Common injection sources in DeFi/crypto MCP servers:

Token names and symbols — returned from token search APIs, displayed to the model
Transaction metadata — descriptions, memos, on-chain data
Price feed labels — token descriptions from external APIs
NFT metadata — names, descriptions
Smart contract error messages — revert reasons returned to the model
ENS names and social handles — resolved and shown in context

For each injection source, trace the path:

Injection Source → Model Context → Tool Call Parameter → Financial Action

If you can draw a complete path, you have a finding.

Phase 3: Check the Safety Guarantees

For each tool that has financial impact, ask:

1. Can the recipient be changed without the user knowing?
If an injected instruction changes the recipient to an attacker's address, will the user notice before signing?
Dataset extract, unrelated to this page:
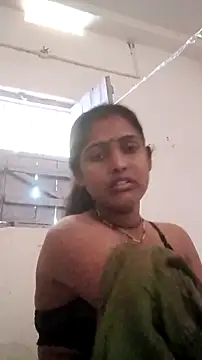 Snapshot of Guriya0076 chatting on April 2026 12:41:01 AM Guriya0076 online show from April 2026 12:41:01 AM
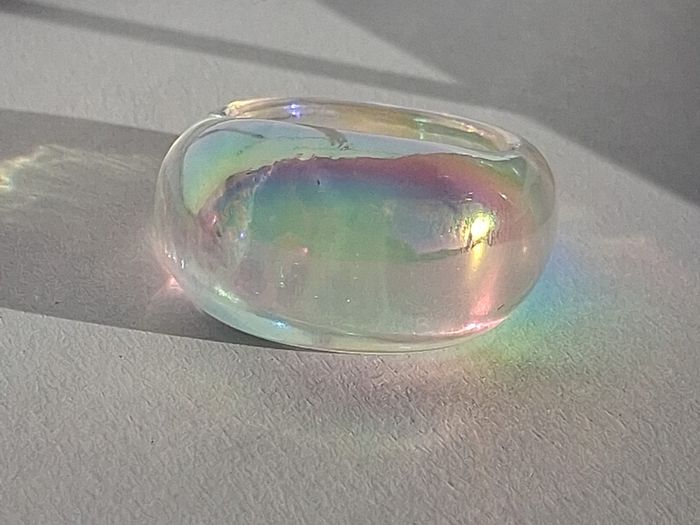 Colourless Pearly Iridescent Resin Ring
2. Is the pre-flight confirmation UI adequate?
If the recipient address is buried in a query parameter, users often don't check it. This is especially true on mobile.

3. Does the server validate parameters against a trusted source?
The server knows the user's wallet (from initialization or session). It should validate recipient addresses or at minimum display a prominent warning when they differ from the user's wallet.

4. Are API responses sanitized before being returned to the model?
If an external API returns data that gets passed directly to the model, it can be a secondary injection source.

Phase 4: Check the Session Initialization

MCP servers typically have a session setup phase where the client sends configuration. Look for initialization code that does NOT:

Bind user identity
Validate caller permissions
Set explicit limits on transaction sizes or frequencies

Phase 5: The Instruction Injection via get_instructions

Many MCP servers expose a get_instructions tool that returns system-level guidance injected into the model's context. If this instruction file is loaded from disk, fetched from a remote URL, or configurable by the user — it's a potential attack vector for persistent instruction manipulation.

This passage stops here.